* What to do:
No picture belongs in the answer, which must hold exactly the lines from the one with "Image 2 of ic38ady" through the final line below.

* Information supplied:
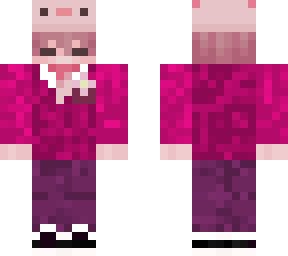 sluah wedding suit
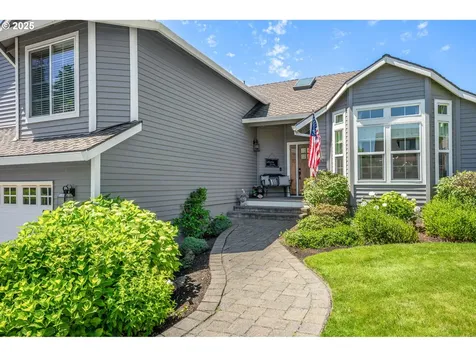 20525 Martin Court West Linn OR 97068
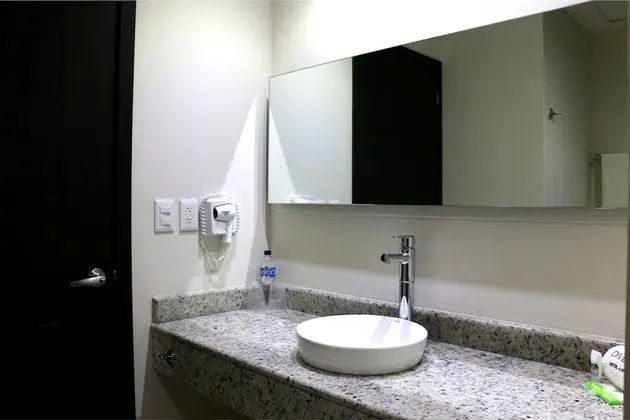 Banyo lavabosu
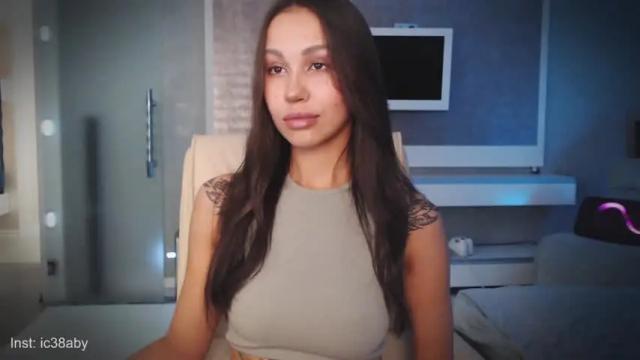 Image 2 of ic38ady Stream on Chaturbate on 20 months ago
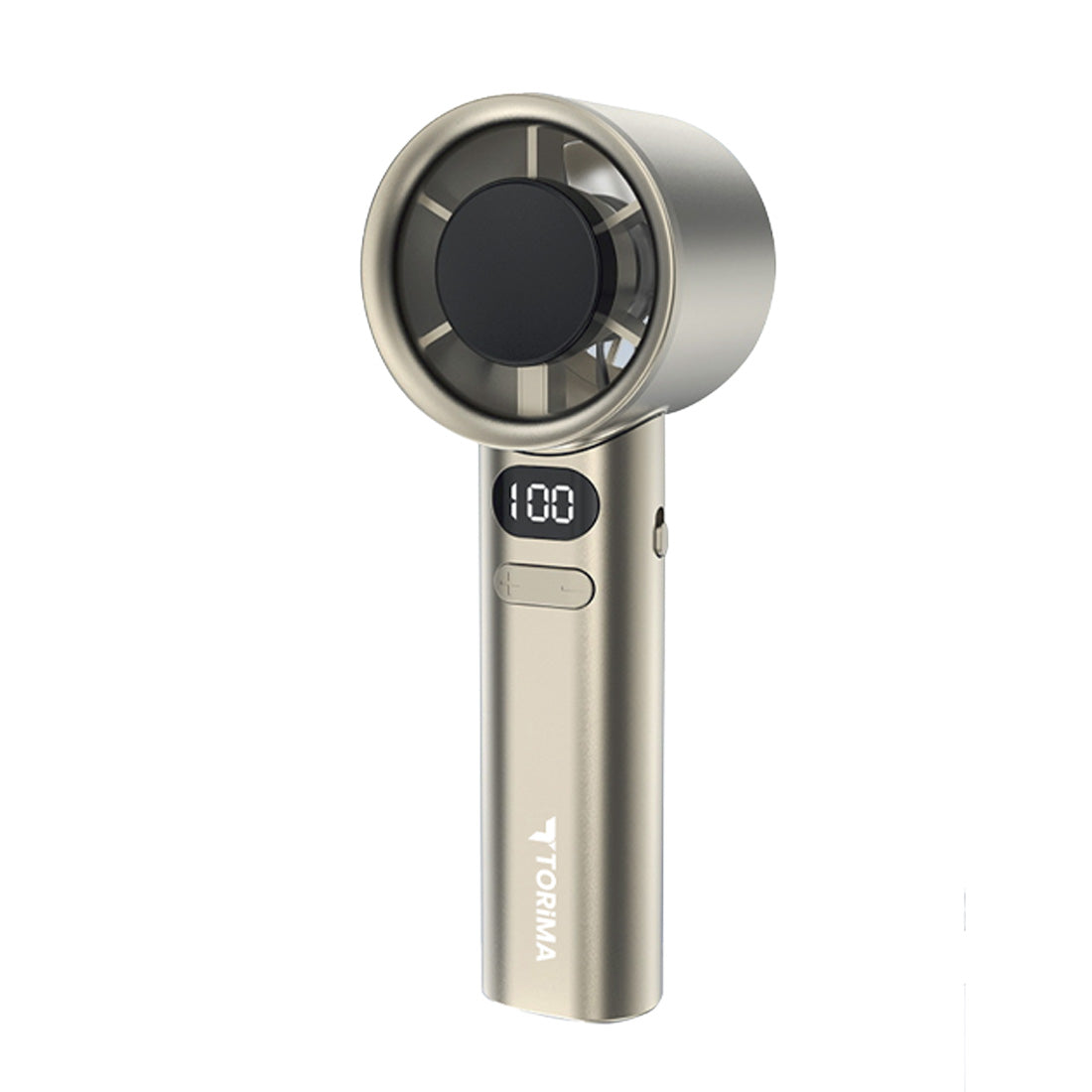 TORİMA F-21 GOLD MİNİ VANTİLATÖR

* Your response:
 Image 2 of ic38ady Stream on Chaturbate on 20 months ago
 TORİMA F-21 GOLD MİNİ VANTİLATÖR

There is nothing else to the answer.